The Whitney Museum is now facing backlash for planning an exhibition that will include prints acquired from the See In Black print sale that was meant to be a fundraiser for Black social justice organizations. Led by a coalition of Black photographers and creatives, the project featured works that reflected the lived experiences of Black people, their families and their culture. All profits from the sale of the works were donated to charities devoted to fighting discrimination such as Know Your Rights Camp, Youth Empowerment Project, National Black Justice Coalition, Black Futures Lab and The Bail Project.
The Whitney’s show entitled “Collective Actions” was not only going to feature works from See In Black, but also pieces from a number of artist collectives intended to raise funds for anti-racist initiatives such as criminal justice reform, bail funds, Black trans advocacy groups, among others. The presentation was expected to run through September 17 until January 3, 2021.

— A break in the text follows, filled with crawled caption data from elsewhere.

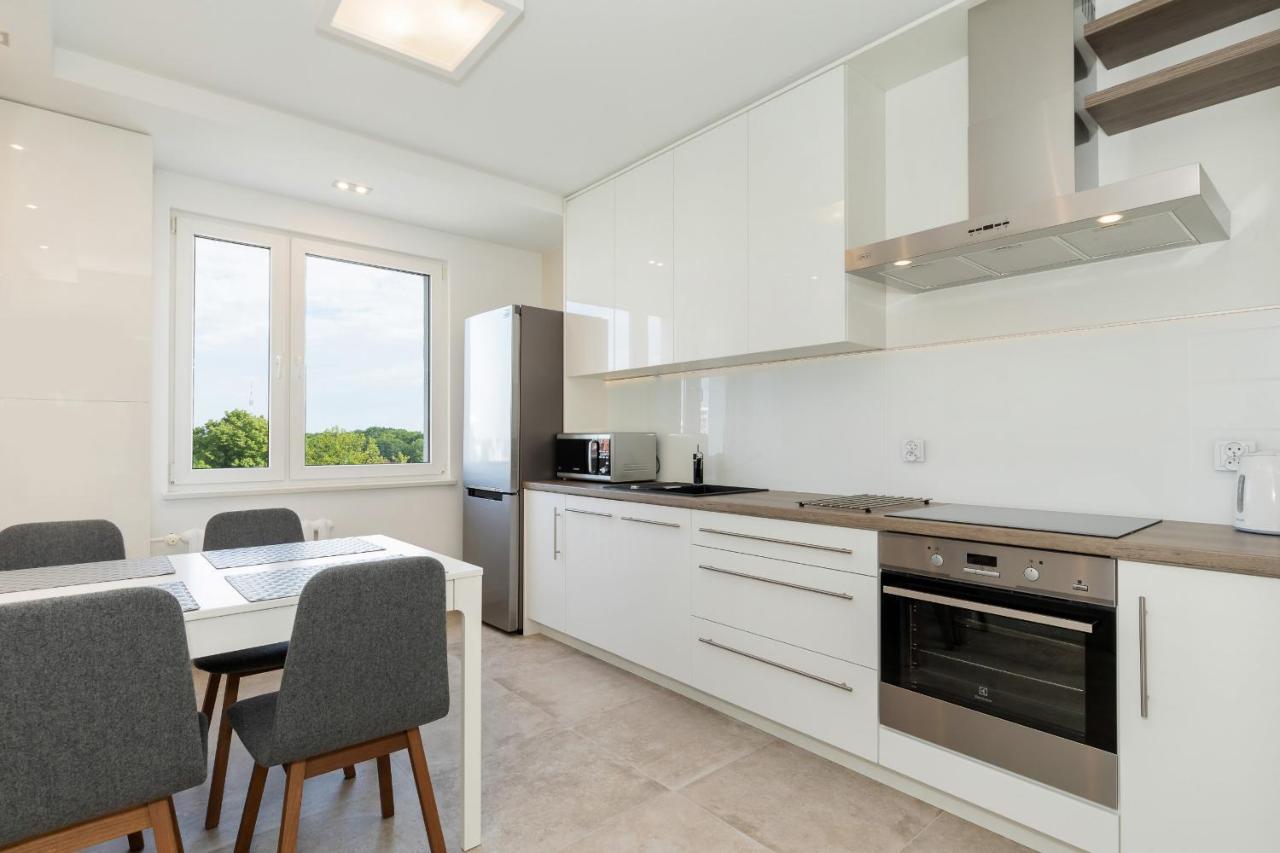Apartament Z Widokiem Na Port Swinoujscie By Noclegi Renters Eksteriør bilde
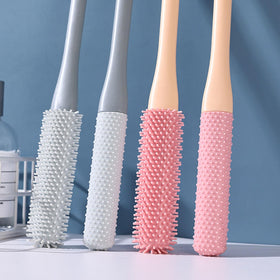 OWIIZI scrubber beside ruler showing 15.7-inch reach for ease benefit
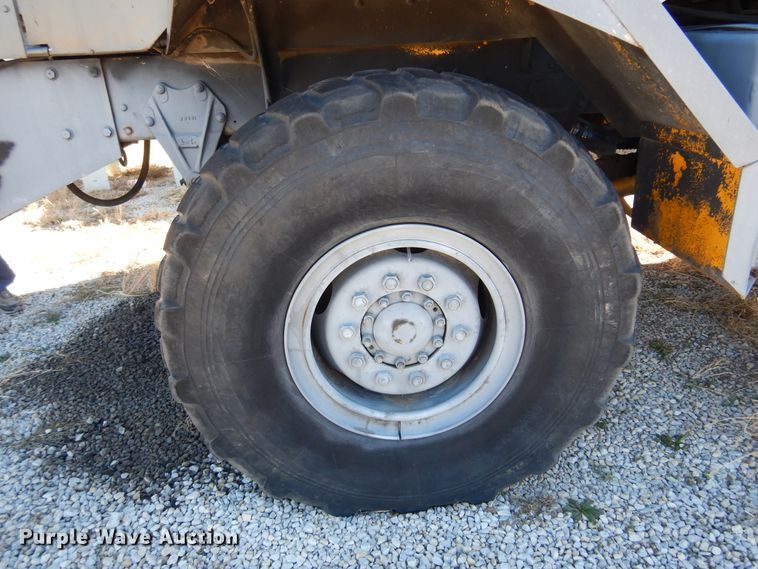 image for item JJ9704 1981 Oshkosh  dump truck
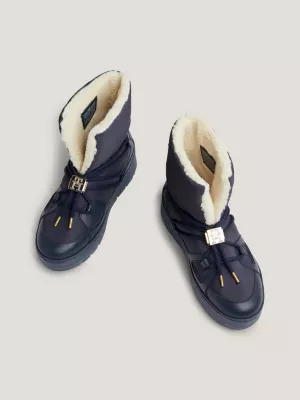 Botas de neve essenciais com forro quente e travas.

See In Black organizers recently issued a public statement on the usage of their prints for The Whitney’s show. “The Whitney’s use of the works acquired through the See in Black print sale at significantly discounted prices—the proceeds of which were donated 100% to charity—constitutes unauthorized use of the works to which the artists do not consent and for which the artists were not compensated. Furthermore, See In Black is not affiliated with The Whitney’s exhibitions.”
Women Photograph, an initiative dedicated to raising the voices of women and nonbinary visual journalists, also raised concerns for the charity-intended works to be featured in The Whitney’s show. “This is not a responsible or a respectful way to engage with artists — nor does it feel particularly sound for an institution with a $300 million+ endowment to acquire $100 prints that were priced to benefit anti-racism non-profits,” tweeted Women Photograph.
This Tuesday, HYPEBEAST reached out to The Whitney for a statement regarding the exhibition. The “Collective Actions” curator, Farris Wahbeh, said in an e-mail statement that the show will not be proceeding while having issued an apology to the artists he hoped to include in the show. Read the full letter by Wahbeh to the artists, below
I wanted to follow up on my emails about the Collective Actions exhibition we had planned to open in September. We at the museum have been listening and hearing from artists about their concerns. The conversations and discussions that have come out of the exhibition are deeply felt. We apologize for the anger and frustration the exhibition has caused and have made the decision not to proceed with the show.
The works in the exhibition were collected as part of the Whitney’s Special Collections, an area that houses artists books, zines, posters, prints, and objects that document how artists distribute published materials as a form of practice, both physically and on-line, and are collected as the materials are launched and circulated.
My sincere hope in collecting them was to build on a historical record of how artists directly engage the important issues of their time. Going forward, we will study and consider further how we can better collect and exhibit artworks and related material that are made and distributed through these channels. I understand how projects in the past several months have a special resonance and I sincerely want to extend my apologies for any pain that the exhibition has caused.
I’d welcome the opportunity to talk more about the organization of the show and other concerns you have, as would our chief curator, Scott Rothkopf. If so, please reach out to me and let me know.